Load model on the Triton Inference Server.

Parameters:

  • config (Optional[str], default: None ) –

    str - Optional JSON representation of a model config provided for the load request, if provided, this config will be used for loading the model.

  • files (Optional[dict], default: None ) –

    dict - Optional dictionary specifying file path (with "file:" prefix) in the override model directory to the file content as bytes. The files will form the model directory that the model will be loaded from. If specified, 'config' must be provided to be the model configuration of the override model directory.

Source code in pytriton/client/client.py
def load_model(self, config: Optional[str] = None, files: Optional[dict] = None):
    """Load model on the Triton Inference Server.

    Args:
        config: str - Optional JSON representation of a model config provided for
            the load request, if provided, this config will be used for
            loading the model.
        files: dict - Optional dictionary specifying file path (with "file:" prefix) in
            the override model directory to the file content as bytes.
            The files will form the model directory that the model will be
            loaded from.
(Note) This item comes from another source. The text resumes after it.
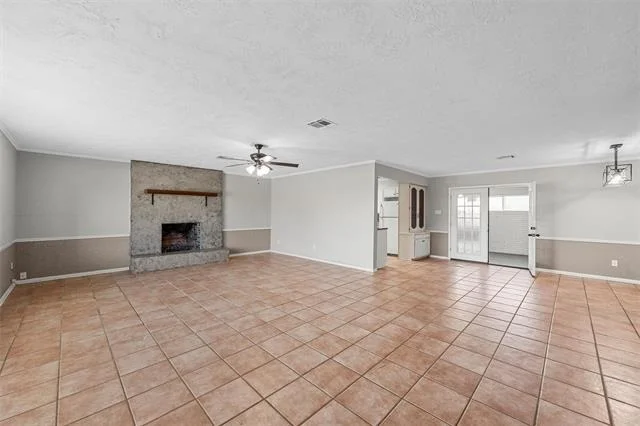 Photo of 309 N Orchard Drive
If specified, 'config' must be provided to be
            the model configuration of the override model directory.
    """
    self._general_client.load_model(self._model_name, config=config, files=files)

unload_model

unload_model()

Unload model from the Triton Inference Server.

Source code in pytriton/client/client.py
def unload_model(self):
    """Unload model from the Triton Inference Server."""
    self._general_client.unload_model(self._model_name)

wait_for_model

wait_for_model(timeout_s: float)

Wait for the Triton Inference Server and the deployed model to be ready.

Parameters:

  • timeout_s (float) –

    timeout in seconds to wait for the server and model to be ready.

Raises:

  • PyTritonClientTimeoutError

    If the server and model are not ready before the given timeout.

  • PyTritonClientModelUnavailableError

    If the model with the given name (and version) is unavailable.

  • KeyboardInterrupt

    If the hosting process receives SIGINT.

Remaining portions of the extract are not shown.